A theorem of Pachner's states that if two triangulated PL-manifolds are PL-homeomorphic, the two triangulations are related via a finite sequence of moves, nowadays called "Pachner moves".

A Pachner move has a very simple picture. If $N$ is a triangulated $n$-manifold and $C \subset N$ is a co-dimension zero subcomplex of $N$ which is equivalent to a subcomplex $D'$ of $\partial \Delta_{n+1}$ where $\Delta_{n+1}$ is an $(n+1)$-simplex equipped with its standard triangulation, then you can replace $N'$ in $N$ by $(\partial \Delta_{n+1}) \setminus D'$ from $\partial \Delta_{n+1}$, the gluing maps being the only ones available to you.

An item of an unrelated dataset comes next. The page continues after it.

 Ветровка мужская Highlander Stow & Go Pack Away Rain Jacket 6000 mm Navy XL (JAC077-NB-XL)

One way to say Pachner's theorem is that there is a ''graph'' of triangulations of $N$, and it is connected. Specifically, the vertices of this graph consist of triangulations of $N$ taken up to the equivalence that two triangulations are equivalent if there is an automorphism of $N$ sending one triangulation to the other. The edges of this graph are the Pachner moves.

This formulation hints at an idea. Is there a useful notion of "Pachner complex"?

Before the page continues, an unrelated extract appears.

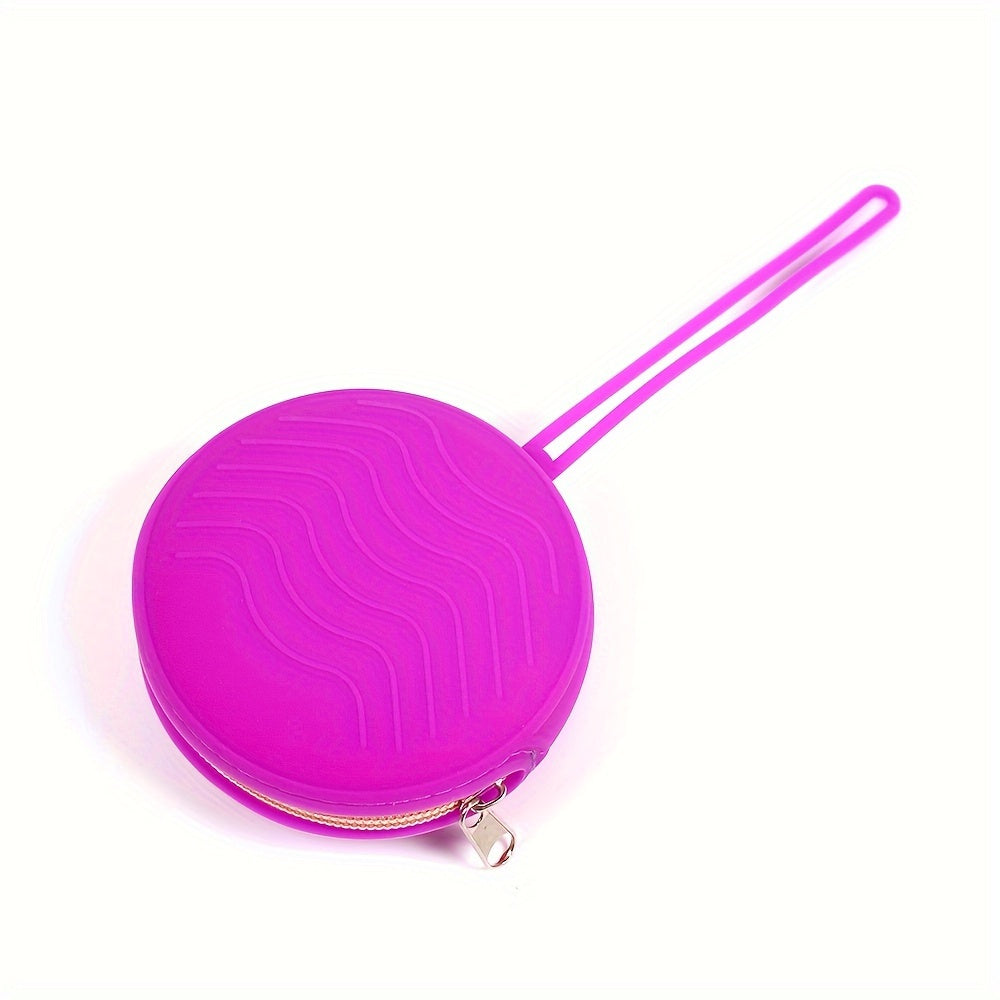 Sujetador de chupete de silicona para bebés de 0-3 años, no tóxico, seguro, organizador de juguetes mordedores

Of course this would lead to many further questions such as what geometric / topological properties does such a complex have, is it contractible for instance, are there "short" paths connecting any two points in the complex, and so on.

I'm curious if people have a sense for what such a Pachner complex should be. For example, some Pachner moves commute in the sense that the subcomplexes $C_1, C_2 \subset N$ are disjoint, so you can apply the Pachner moves independantly of each other. Presumably this should give rise to a "square" in any reasonable Pachner complex.

This feels related to the kind of complexes that Waldhausen and Hatcher used to use in the 70's but it's also a little different.

- Udo Pachner, P.L. homeomorphic manifolds are equivalent by elementary shellings, European J. Combin. 12 (1991), 129–145.